Uma das maiores oportunidades é um programa de desestatização de saneamento que está sendo conduzido pelo BNDES (Banco Nacional de Desenvolvimento Econômico e Social) e já teve adesão de 18 estados. No caso do Rio de Janeiro, a privatização da Cedae foi colocada como uma das contrapartidas do socorro financeiro ao estado.
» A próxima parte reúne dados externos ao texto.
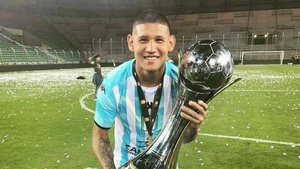¿Será llamado por la Albirroja? Un pelotero de Racing ya es "paraguasho"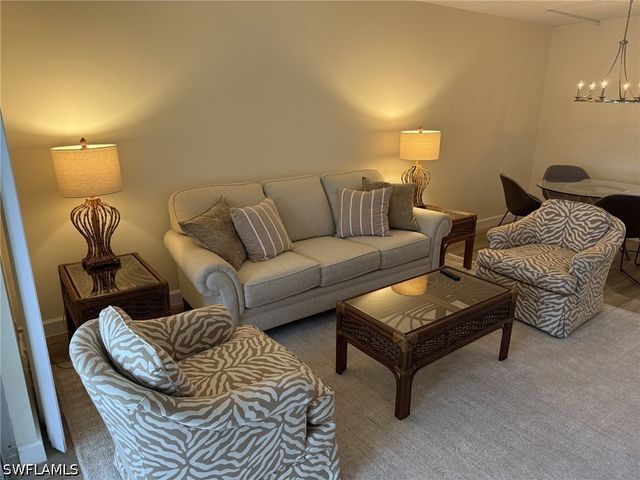 1900 Alamanda DR 202, Naples, FL 34102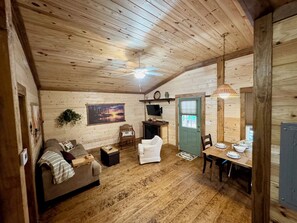 Smart TV, fireplace, books - Charming 2-bedroom cabin in beautiful mountains of Pickens, SC. (Pickens)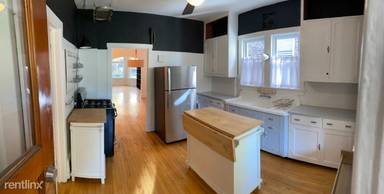 Main picture of 2623 W Rice St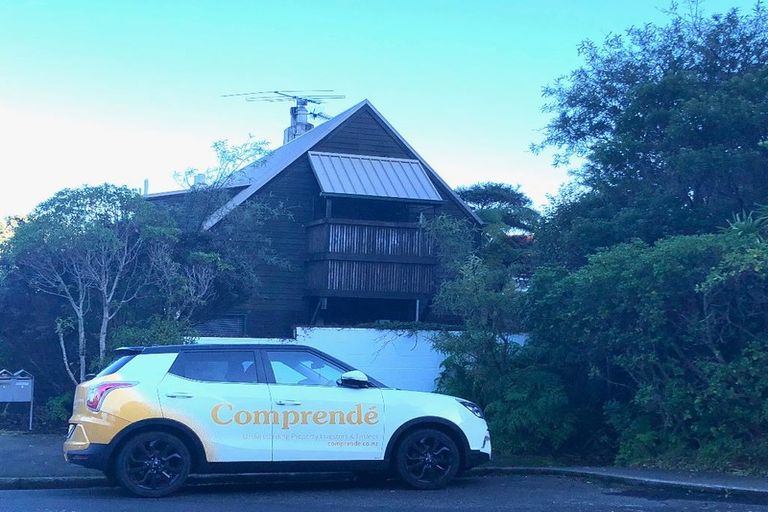 Photo of property in 2a Pitoitoi Road, Days Bay, Lower Hutt, 5013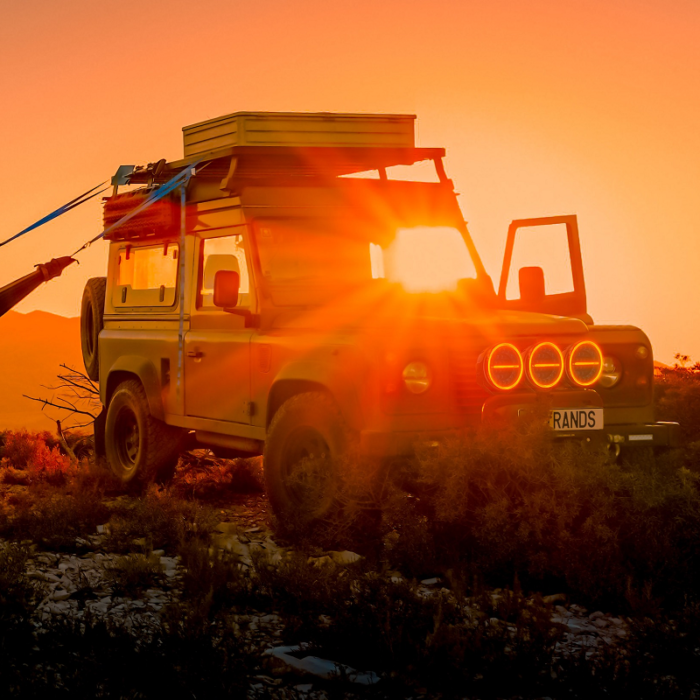 4* TN-270957 gemonteerd op een JEEP Deffender met kampeer uitvoering - EAN: 7350133816348 - Strands 270957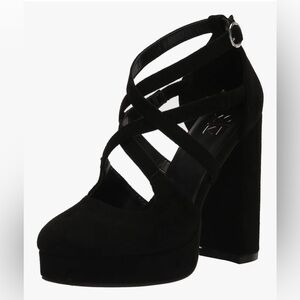 YOKI Women’s Black Platform Pumps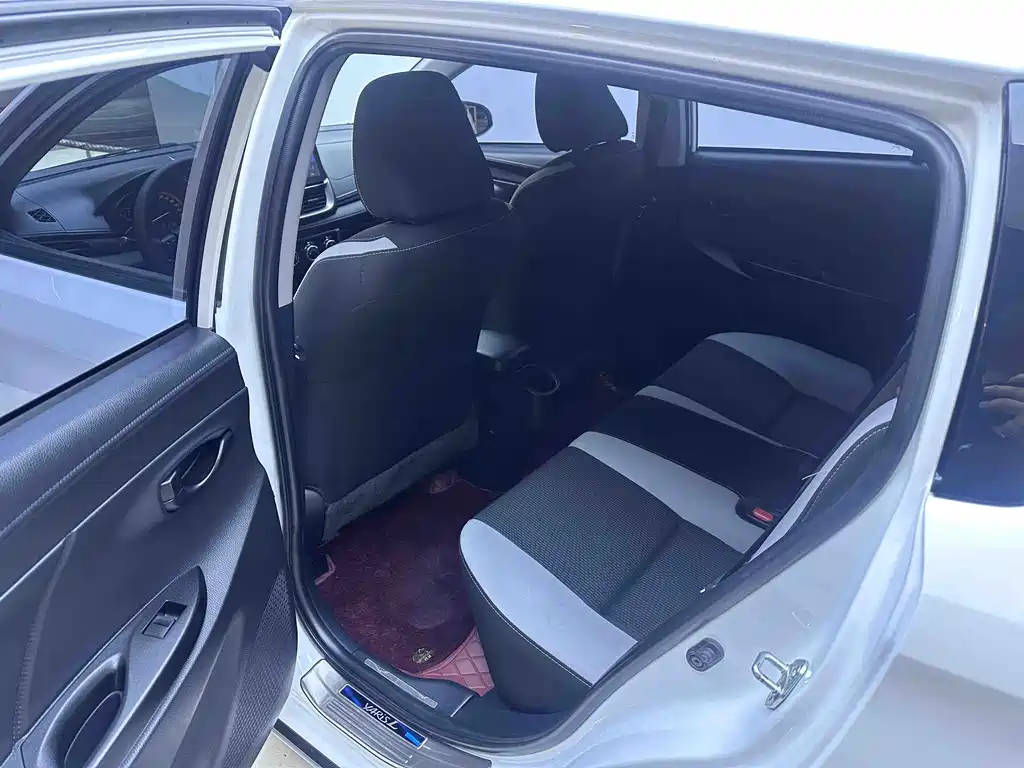 Toyota Yaris L 2022 — фото 10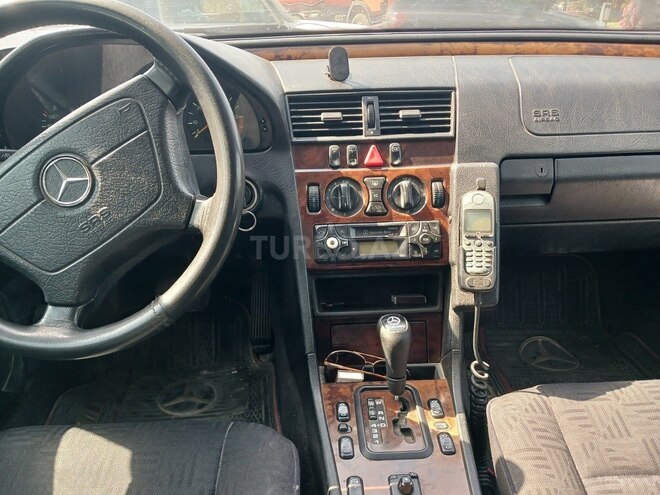 Mercedes C 250 d 2016, 333,222 km - 2.1 l - Bakı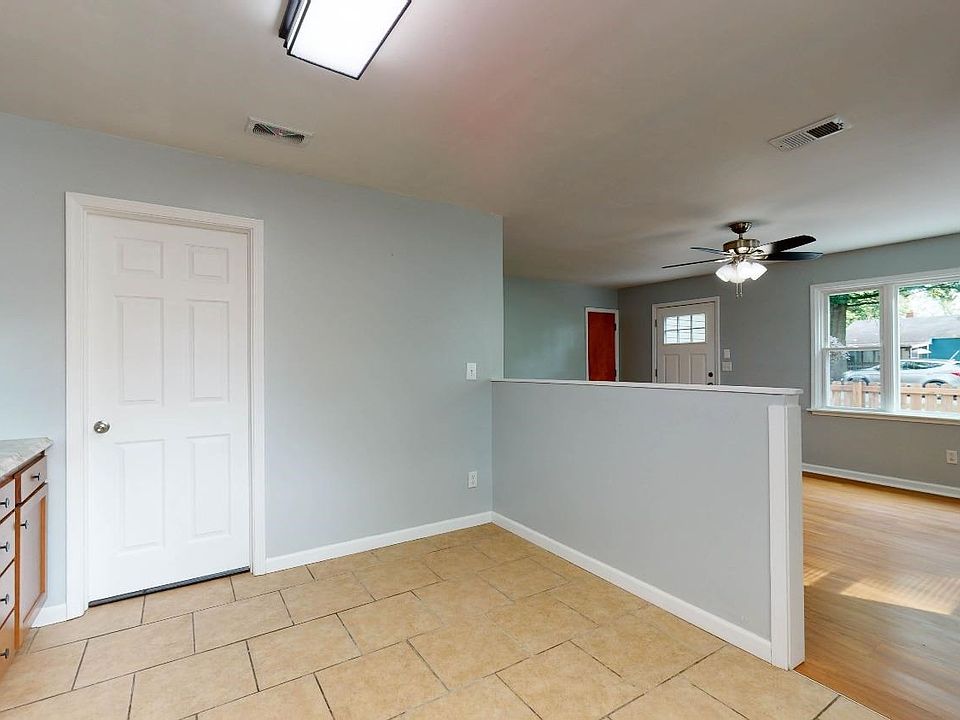 1st image of 6561 Graf Dr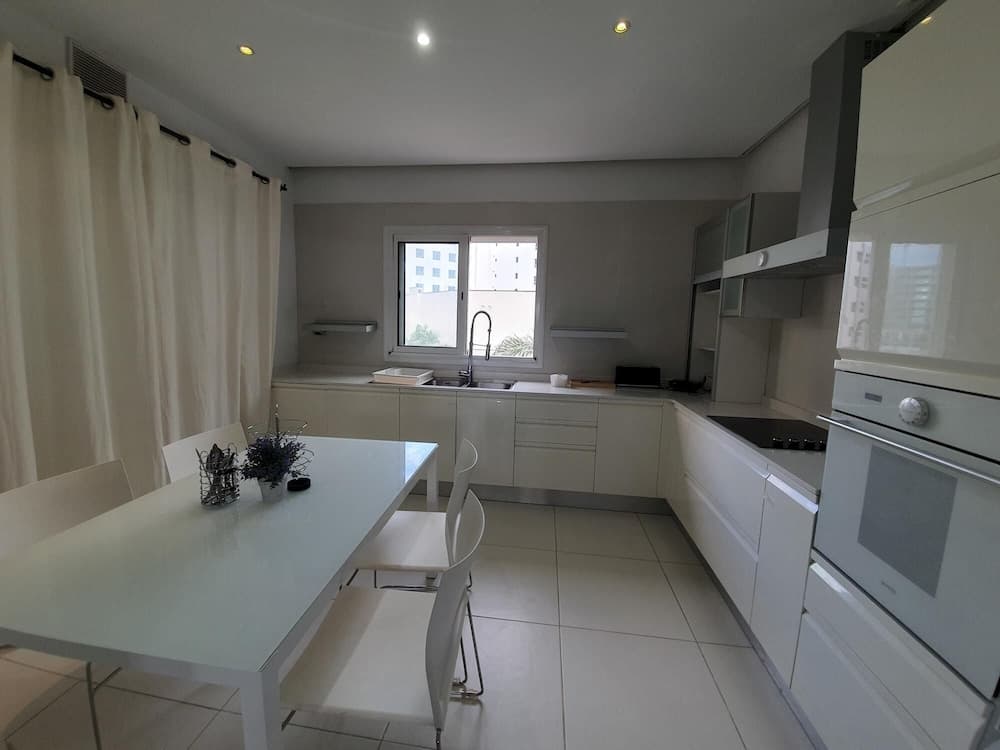 Prestige Luxurious 120m2 Next to UN Offices Lac2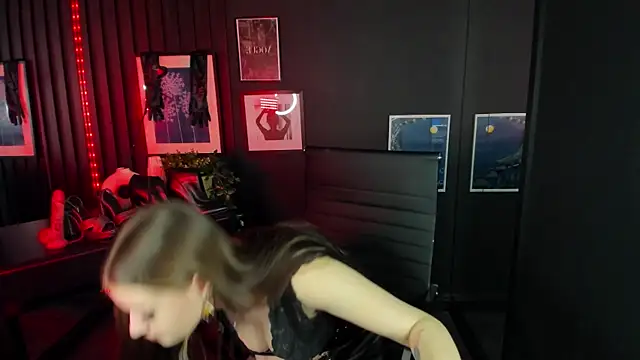 Snapshot of Lily_Moonlight chatting on 03.22.25 Lily Moonlight online show from 03.22.25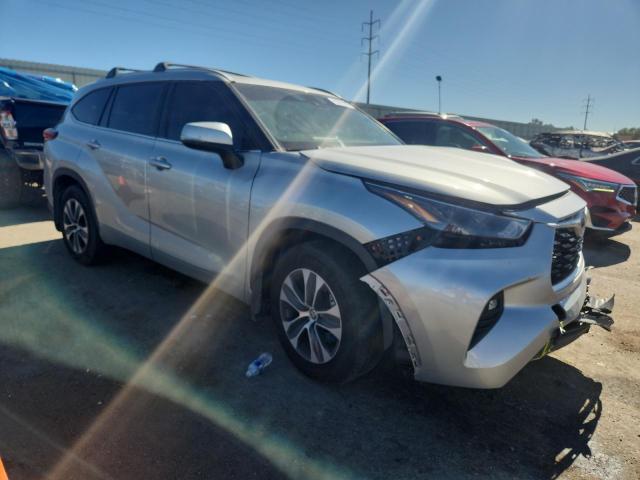 Photo 4 from auction – 2022 TOYOTA HIGHLANDER with VIN 5TDHBRCH5NS539902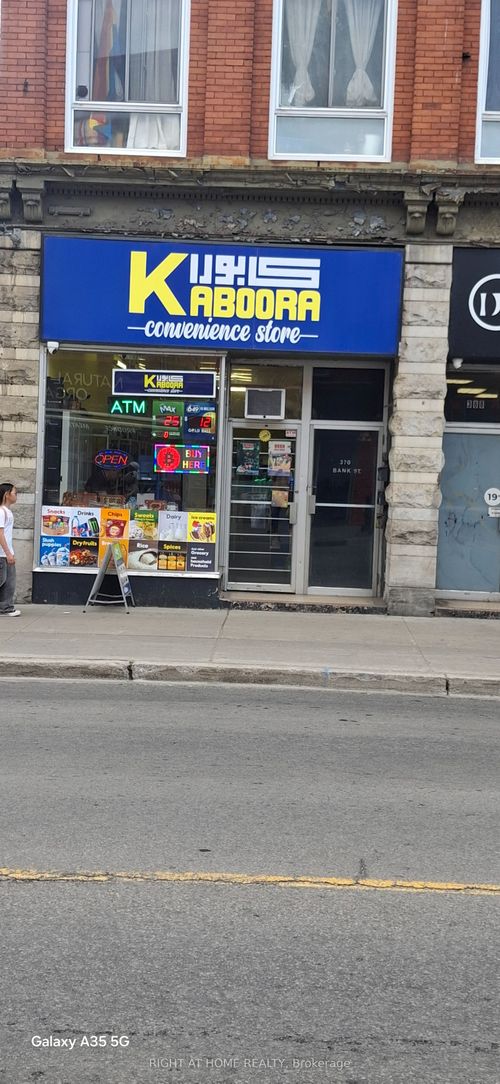 370 Bank St, Ottawa, ON, K2P1Y4 | Card Image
As empresas públicas destes 18 estados atendem a 2,3 mil municípios, prestando serviço a cerca de 90 milhões de habitantes. Destes, 17 milhões não são atendidos com abastecimento de água, 65 milhões não têm acesso a serviços de coleta de esgoto e 74,6 milhões não têm o esgoto tratado.

 

As companhias e áreas de operação que serão oferecidas à iniciativa privada, assim como a modelagem dos leilões – se serão de privatização, concessão, subconcessão ou PPP – só deverão ser conhecidas após a conclusão dos estudos técnicos, previstos para serem apresentados até o fim do ano.

 

Apesar da melhora das expectativas para o setor, empresas e analistas avaliam que uma nova rodada de investimentos só deverá vir a partir de meados de 2018, quando forem conhecidos os primeiros resultados dos projetos que estão sendo formatados pelo BNDES com os estados.

 

Mercado potencial de R$ 120 bilhões por ano

Hoje, o mercado de água e esgoto movimenta um faturamento anual estimado em cerca de R$ 70 bilhões. Desse total, apenas cerca de 10% está nas mãos de empresas privadas, que fizeram investimentos da ordem de R$ 2,5 bilhões em suas áreas de concessão em 2015 ou o equivalente de 20% do total feito em saneamento no país.

 

Segundo a Abcon, o total contratado pelas operações privadas é de R$ 33,18 bilhões, dos quais R$ 12,57 bilhões estão previstos para serem investidos entre 2015 e 2019.

 

A avaliação do mercado é que a fatia nas mãos de operadores privados tem potencial para avançar a 30% caso o Programa de Parcerias de Investimentos (PPI) do governo federal saia do papel, assim como a exigência de elaboração de planos municipais de saneamento básico (PMSB) por parte das prefeituras.

 

Segundo Carlos Henrique da Cruz Lima, diretor de Planejamento do Grupo Águas do Brasil, uma das maiores empresas privadas do setor com 14 concessões e operações em cidades como Niterói e Campos dos Goytacazes, no Rio de Janeiro, a receita potencial com a universalização dos serviços de água e esgoto no Brasil é da ordem de R$ 120 bilhões por ano. "Esse é um número que, convertido em qualquer moeda no universo, atrai investidores. O que faltam hoje são projetos", afirma o executivo.

 

As empresas que atuam no mercado avaliam que o momento é favorável também para novas parcerias público-privadas no âmbito dos municípios, em função da posse de novos prefeitos e da crise fiscal que atinge estados e municípios.

 

"A grande novidade é a entrada do BNDES com recursos para contratar estudos, porque cada município tinha que dar uma solução para o saneamento e nem todos dispõem de corpo técnico capacitado ou orçamento para desenvolver estudos técnicos e projetos", diz Hamilton Amadeo, presidente da Aegea, grupo que opera concessões em 45 cidades, incluindo Campo Grande (MS), Piracicaba (SP) e Vila Velha (ES).